> **Exercise**: Nothing is needed except the lines below that run from the one with "Icom at 180 perfetto full set" through the one with "Davidoff Cool Water", repeated exactly.

Items listed in a dataset:
..............................
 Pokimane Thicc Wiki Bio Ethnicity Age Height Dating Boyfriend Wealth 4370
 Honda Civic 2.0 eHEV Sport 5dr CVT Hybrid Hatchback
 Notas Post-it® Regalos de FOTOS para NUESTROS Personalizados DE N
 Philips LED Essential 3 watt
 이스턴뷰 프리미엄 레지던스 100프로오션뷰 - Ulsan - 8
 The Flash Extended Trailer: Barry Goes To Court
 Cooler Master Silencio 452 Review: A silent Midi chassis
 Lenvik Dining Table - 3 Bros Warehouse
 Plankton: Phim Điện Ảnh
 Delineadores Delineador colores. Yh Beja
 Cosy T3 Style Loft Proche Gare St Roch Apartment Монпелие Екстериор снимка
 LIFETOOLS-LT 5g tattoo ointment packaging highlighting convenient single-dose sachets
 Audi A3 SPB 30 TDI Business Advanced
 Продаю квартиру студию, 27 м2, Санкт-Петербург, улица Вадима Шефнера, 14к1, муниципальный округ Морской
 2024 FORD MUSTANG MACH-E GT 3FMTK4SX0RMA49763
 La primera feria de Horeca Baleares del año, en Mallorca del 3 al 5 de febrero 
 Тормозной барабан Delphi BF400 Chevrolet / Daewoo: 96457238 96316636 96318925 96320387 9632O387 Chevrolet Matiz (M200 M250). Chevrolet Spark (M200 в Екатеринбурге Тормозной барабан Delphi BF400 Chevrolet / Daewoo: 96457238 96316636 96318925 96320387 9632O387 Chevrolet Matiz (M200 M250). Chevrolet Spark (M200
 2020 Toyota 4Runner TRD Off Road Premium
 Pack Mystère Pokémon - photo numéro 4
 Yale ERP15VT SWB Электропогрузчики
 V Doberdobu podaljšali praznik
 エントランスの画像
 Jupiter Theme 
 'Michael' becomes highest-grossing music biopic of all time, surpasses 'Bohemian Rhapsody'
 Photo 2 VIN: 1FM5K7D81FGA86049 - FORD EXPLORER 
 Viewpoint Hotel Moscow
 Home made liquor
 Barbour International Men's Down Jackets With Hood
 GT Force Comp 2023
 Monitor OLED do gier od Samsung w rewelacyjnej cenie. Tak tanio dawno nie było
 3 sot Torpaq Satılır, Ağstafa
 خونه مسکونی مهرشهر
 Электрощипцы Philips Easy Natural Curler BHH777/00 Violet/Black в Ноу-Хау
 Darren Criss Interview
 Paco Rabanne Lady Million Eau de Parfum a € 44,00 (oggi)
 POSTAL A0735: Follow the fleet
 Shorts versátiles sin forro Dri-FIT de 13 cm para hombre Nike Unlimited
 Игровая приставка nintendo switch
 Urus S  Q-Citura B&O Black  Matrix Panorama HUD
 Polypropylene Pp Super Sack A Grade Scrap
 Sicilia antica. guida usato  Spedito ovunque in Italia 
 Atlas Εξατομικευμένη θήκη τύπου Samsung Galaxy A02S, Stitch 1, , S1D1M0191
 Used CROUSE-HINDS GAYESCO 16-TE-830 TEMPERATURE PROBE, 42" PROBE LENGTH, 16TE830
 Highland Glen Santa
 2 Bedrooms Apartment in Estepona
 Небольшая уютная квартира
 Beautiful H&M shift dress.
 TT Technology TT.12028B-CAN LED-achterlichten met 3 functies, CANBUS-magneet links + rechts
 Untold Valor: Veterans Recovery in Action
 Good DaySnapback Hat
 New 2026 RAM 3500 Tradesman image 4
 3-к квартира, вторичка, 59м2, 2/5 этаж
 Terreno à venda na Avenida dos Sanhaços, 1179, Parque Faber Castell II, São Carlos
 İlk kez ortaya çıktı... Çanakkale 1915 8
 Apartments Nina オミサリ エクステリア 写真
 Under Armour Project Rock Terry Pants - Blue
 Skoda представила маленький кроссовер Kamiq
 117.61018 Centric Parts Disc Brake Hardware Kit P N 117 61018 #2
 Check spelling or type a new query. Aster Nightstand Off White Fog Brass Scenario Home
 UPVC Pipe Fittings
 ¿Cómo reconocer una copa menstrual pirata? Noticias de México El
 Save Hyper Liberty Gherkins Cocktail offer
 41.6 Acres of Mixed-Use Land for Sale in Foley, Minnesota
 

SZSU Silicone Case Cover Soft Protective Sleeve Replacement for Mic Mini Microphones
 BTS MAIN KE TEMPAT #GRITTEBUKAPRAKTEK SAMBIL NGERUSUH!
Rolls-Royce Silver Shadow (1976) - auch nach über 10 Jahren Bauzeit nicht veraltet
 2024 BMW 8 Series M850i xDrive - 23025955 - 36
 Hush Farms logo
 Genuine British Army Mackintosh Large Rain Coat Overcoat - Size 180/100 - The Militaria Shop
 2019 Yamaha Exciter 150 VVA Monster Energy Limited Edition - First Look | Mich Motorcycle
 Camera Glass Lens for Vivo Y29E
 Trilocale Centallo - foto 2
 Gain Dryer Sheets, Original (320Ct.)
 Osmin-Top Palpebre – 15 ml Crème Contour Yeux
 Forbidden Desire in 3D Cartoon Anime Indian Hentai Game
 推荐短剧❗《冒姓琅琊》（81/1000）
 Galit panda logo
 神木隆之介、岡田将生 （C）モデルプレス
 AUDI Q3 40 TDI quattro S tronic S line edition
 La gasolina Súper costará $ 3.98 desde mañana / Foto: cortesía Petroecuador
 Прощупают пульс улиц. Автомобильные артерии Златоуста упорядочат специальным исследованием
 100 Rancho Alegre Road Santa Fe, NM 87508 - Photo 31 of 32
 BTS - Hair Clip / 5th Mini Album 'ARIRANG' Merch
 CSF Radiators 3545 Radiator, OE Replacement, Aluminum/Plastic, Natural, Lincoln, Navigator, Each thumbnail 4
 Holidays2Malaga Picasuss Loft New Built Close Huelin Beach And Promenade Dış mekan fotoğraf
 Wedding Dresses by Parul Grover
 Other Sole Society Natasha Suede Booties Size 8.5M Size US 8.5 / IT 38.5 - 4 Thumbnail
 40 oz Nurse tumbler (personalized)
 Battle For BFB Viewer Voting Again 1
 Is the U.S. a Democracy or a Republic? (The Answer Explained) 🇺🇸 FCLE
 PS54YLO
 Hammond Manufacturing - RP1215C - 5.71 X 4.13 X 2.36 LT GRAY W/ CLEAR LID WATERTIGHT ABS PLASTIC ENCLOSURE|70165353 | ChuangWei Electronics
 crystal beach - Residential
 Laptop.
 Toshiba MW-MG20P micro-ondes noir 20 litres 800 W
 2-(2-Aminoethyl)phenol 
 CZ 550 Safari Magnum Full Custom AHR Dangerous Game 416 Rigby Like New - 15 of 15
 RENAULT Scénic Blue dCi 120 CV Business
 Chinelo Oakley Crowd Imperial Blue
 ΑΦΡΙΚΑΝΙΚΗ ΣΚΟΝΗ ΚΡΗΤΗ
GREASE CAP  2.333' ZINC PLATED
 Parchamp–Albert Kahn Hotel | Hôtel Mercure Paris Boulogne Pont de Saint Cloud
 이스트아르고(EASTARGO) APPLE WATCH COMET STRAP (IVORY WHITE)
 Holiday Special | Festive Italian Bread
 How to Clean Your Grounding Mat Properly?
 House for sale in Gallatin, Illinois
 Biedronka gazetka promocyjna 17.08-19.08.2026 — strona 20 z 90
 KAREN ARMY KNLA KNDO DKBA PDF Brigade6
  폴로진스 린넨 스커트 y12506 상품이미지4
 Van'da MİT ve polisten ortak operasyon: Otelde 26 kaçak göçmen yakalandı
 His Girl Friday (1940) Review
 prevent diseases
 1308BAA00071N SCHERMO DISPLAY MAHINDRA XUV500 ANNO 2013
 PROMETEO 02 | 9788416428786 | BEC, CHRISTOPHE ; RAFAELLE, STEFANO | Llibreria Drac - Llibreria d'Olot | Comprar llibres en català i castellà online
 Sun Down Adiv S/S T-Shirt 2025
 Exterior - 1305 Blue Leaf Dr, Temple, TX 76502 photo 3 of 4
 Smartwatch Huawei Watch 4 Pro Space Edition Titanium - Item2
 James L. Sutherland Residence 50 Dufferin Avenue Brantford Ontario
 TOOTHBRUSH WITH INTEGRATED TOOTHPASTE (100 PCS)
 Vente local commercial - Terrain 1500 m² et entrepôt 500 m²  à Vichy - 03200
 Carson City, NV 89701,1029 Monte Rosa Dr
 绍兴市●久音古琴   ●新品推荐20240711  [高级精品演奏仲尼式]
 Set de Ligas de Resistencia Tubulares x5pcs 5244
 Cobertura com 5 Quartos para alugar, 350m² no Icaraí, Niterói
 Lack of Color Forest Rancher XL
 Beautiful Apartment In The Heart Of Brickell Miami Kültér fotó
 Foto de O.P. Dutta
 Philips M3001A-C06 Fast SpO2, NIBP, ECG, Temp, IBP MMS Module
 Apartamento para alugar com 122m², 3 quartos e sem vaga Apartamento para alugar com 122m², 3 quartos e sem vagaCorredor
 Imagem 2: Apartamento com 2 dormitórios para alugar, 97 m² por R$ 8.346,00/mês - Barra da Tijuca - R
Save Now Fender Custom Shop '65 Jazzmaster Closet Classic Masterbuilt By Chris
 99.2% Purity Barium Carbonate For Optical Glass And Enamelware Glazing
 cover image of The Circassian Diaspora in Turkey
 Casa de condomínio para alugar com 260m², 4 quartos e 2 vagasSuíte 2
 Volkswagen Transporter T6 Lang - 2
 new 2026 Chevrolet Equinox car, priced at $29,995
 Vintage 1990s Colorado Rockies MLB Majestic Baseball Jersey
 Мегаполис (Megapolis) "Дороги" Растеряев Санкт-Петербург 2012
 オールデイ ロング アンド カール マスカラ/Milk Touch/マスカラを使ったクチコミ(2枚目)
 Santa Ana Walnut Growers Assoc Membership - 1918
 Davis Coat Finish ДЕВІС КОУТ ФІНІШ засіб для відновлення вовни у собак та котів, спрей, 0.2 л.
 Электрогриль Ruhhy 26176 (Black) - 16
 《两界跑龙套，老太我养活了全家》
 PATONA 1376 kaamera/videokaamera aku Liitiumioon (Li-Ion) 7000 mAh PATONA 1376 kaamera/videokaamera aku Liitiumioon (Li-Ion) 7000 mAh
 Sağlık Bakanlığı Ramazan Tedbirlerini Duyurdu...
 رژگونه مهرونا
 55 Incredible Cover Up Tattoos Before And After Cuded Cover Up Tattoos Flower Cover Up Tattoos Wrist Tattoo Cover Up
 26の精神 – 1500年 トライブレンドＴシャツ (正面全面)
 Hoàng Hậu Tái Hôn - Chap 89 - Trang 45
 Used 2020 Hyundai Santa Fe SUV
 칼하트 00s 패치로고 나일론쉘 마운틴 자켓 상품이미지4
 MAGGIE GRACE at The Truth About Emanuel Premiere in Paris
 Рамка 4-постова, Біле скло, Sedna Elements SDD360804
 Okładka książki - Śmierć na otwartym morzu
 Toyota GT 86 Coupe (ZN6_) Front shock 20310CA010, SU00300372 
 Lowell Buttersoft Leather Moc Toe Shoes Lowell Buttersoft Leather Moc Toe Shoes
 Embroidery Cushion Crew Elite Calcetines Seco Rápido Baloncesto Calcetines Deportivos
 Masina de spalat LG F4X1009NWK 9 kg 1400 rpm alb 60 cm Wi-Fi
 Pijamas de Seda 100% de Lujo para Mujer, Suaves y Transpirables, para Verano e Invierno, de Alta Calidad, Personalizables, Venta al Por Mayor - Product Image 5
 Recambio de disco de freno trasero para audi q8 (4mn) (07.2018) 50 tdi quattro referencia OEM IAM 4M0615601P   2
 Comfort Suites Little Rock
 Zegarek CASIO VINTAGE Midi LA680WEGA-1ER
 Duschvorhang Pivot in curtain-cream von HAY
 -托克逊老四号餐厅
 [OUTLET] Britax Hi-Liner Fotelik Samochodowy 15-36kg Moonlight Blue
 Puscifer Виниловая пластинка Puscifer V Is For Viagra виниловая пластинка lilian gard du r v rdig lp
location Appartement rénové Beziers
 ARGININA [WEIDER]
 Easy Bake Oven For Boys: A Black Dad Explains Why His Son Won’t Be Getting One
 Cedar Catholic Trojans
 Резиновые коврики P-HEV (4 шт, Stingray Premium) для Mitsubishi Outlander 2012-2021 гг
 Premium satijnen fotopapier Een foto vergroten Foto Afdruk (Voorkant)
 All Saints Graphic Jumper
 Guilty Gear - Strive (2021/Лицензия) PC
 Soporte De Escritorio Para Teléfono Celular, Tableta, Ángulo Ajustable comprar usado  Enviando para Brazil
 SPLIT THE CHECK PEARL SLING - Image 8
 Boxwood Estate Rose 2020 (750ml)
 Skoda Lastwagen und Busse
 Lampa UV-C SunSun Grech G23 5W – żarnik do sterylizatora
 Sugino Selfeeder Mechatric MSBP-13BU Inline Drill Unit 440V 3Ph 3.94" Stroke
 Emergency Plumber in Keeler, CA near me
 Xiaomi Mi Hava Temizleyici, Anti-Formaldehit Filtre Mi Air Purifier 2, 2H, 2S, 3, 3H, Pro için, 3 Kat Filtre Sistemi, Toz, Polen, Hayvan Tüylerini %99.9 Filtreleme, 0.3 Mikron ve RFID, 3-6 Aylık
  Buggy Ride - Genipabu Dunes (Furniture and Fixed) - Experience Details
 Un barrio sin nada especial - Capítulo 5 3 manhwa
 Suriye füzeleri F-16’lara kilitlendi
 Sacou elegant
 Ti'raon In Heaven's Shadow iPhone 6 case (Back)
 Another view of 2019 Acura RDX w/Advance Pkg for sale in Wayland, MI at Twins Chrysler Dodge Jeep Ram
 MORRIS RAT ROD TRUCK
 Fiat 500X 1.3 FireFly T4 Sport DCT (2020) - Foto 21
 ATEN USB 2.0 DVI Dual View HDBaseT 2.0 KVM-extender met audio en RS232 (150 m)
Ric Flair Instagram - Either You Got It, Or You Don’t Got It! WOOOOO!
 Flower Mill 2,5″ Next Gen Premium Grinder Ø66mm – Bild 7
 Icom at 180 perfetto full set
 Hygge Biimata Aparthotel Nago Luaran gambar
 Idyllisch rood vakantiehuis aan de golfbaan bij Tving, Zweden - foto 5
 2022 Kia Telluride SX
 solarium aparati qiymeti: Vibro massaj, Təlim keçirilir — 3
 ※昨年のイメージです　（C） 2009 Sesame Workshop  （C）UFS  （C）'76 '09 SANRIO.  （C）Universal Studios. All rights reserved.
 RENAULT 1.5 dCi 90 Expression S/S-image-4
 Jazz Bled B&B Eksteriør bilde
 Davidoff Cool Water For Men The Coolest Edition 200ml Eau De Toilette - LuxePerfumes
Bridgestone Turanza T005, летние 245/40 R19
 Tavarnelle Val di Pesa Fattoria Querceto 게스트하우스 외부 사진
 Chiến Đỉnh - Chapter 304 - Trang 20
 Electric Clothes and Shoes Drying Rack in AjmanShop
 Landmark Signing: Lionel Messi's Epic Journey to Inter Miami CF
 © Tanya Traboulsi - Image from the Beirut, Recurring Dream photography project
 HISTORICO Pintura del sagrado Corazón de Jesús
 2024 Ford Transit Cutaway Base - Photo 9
..............................
> **Answer**:
 Icom at 180 perfetto full set
 Hygge Biimata Aparthotel Nago Luaran gambar
 Idyllisch rood vakantiehuis aan de golfbaan bij Tving, Zweden - foto 5
 2022 Kia Telluride SX
 solarium aparati qiymeti: Vibro massaj, Təlim keçirilir — 3
 ※昨年のイメージです　（C） 2009 Sesame Workshop  （C）UFS  （C）'76 '09 SANRIO.  （C）Universal Studios. All rights reserved.
 RENAULT 1.5 dCi 90 Expression S/S-image-4
 Jazz Bled B&B Eksteriør bilde
 Davidoff Cool Water For Men The Coolest Edition 200ml Eau De Toilette - LuxePerfumes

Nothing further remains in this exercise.